I have spent countless hours in the Provo Borders reading and perusing anything that struck my fancy. One evening a couple summers ago I went there fully intent on not leaving until I understood the hype about Orwell's 1984; I ended up leaving two hours and 50 pages later, bleary-eyed and completely nonplussed; I still don't get it. (Can you use two semicolons in one sentence? Because I just did.) There was the Saturday morning I spent scads of time looking through art books full of everything from mannerism to pointillism to Banksy. Last summer I spent several days on the Percy Jackson and Hunger Games series when I desperately needed something popcorn-y that wasn't too intellectually stimulating. Whenever I needed an emotional release I went and pored over any and all of the poetry I could get my hands on, glorying in the simple beauty of Collins, reveling in the imagery of Hardy, tapping my foot to the rhythm of Hughes and wondering why more people didn't read Cavafy. (While on the topic of Cavafy, sometimes I want to learn Greek to read his original work and not just translations) I went to Borders on numerous occasions to study for the GRE. There was the terrifying evening when I woke up completely disoriented and unaware of where I was; only after taking several deep breaths and finding a copy of Maus in my lap did I realize I had fallen asleep at Borders. I even considered applying for a job there at one point.

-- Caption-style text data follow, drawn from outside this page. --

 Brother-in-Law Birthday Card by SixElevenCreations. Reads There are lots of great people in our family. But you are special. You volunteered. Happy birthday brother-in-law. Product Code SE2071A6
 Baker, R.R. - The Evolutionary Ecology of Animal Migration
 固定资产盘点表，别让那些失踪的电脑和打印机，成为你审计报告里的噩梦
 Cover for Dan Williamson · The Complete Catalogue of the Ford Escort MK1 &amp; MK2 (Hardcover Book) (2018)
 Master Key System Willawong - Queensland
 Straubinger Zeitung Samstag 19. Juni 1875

I could continue on reminiscing about the time I've spent at Borders (like the afternoon I dedicated to reading a reference book about Yiddish words and phrases that have been adopted into English) but I think this suffices.

People will probably think it's strange that I've grown so attached so some cold, nationwide chain-of-a-bookstore, especially after the thorough criticizing and reviling that such stores received in You've Got Mail, but I will be genuinely sad to see Borders close its doors for the last time.

...I've been laying here in my bed staring at that last sentence I just wrote for several minutes now thinking about its implications, and I've had a bit of a paradigm shift. Yes it's sad, but at the same time I'm now being afforded the opportunity to go find a new shelter from the storm. I'm being given the opportunity to go out and find a new place of comfort and reflection. Hopefully the journey to find it will be an adventure worthy of Ithaca.

I think I'll set off tomorrow, assuming my headache is gone and this cold has run its course by then.